= John A. Cherry =

John Anthony Cherry (born July 4, 1941) is a Canadian hydrogeology researcher and university professor.

He was the recipient of the 2016 Lee Kuan Yew Water Prize, awarded at Singapore International Water Week in July 2016 for his work in groundwater research, protection and management. In 2020, Cherry received the Stockholm Water Prize. He is a Distinguished Professor Emeritus from the University of Waterloo in Ontario, Canada. He revolutionized the field of groundwater research by researching the migration of contaminants in groundwater and developing technologies for groundwater monitoring and remediation. His research resulted in a "paradigm shift in groundwater pollution control measures", leading to new groundwater remediation guidelines to be adopted in the United States and other countries in the 1990s.

== Career ==
Cherry holds geological engineering degrees from the University of Saskatchewan and University of California Berkeley, and earned a PhD in geology with specialization in hydrogeology from the University of Illinois. In 1967 he joined the University of Manitoba in Winnipeg, Canada, as the country's first groundwater professor. He then joined the faculty at the University of Waterloo in 1971 where he held the Research Chair in Contaminant Hydrogeology from 1996 to 2006. In 1978 he led a group of researchers in setting up the Borden Groundwater Field Research Facility on a landfill located within a military base. The field research at Borden demonstrated the behaviour of contaminants and the remediation process in a way that non-scientists and policy-makers could understand and accept. This research formed the basis for criteria for selecting sites for safe waste disposal. These criteria were subsequently incorporated into regulatory frameworks all around the world.

His career choice was influenced by his parents who had experienced a severe drought in of Saskatchewan in the 1930s and who became documentary filmmakers, making films about water, reminding their son how important water scarcity was.

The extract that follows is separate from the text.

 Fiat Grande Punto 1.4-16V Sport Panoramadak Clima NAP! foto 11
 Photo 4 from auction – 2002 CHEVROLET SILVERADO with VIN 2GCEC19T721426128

According to Cherry, "the biggest cause of groundwater pollution and of water use not being sustainable is agriculture". Out of concern for environmental sustainability, he became a vegan in 2010. Noting that 80 percent of all freshwater is used for food production, Cherry said in his acceptance speech of the Lee Kuan Yew Water Prize that "eating meat is the largest single contributor to the global water crisis. Diet changes could reduce per capita water consumption in the industrialized countries by up to 40 percent." He also noted that 50 percent of drinking water supplies globally depend on groundwater." Cherry has also urged governments to devote more of their budget to groundwater monitoring, noting that unlike sewage treatment, it is not as politically popular because its benefits appear only over the long term.

=== Books ===
In 1979, Cherry co-authored the first edition of the seminal textbook "Groundwater" with Professor R. Allan Freeze. The book helped readers reach a more holistic understanding of the complicated subject. In 1987, he founded the University Consortium for Field-Focused Groundwater Research which consists of 26 principal investigators and 12 core corporate sponsors. Currently comprising 16 universities, it gives graduate students the chance to conduct research on contaminated industrial sites, much as John Cherry had done himself before.

== Awards and patents ==
In 2020, Cherry received the Stockholm Water Prize. He received the M. King Hubbert Award in 1987.

Cherry plans to use the S$300,000 (US$222,000) prize money of the Lee Kuan Yew Water Prize to update the "Groundwater" textbook, translating it into different languages and putting it online as a "wiki book".

He was elected a member of the National Academy of Engineering in 2013 for contributions to understanding contaminant migration and development of engineered systems for groundwater remediation.

He co-holds several patents, is a Fellow of the Royal Society of Canada, and a Fellow of the Geological Society of America.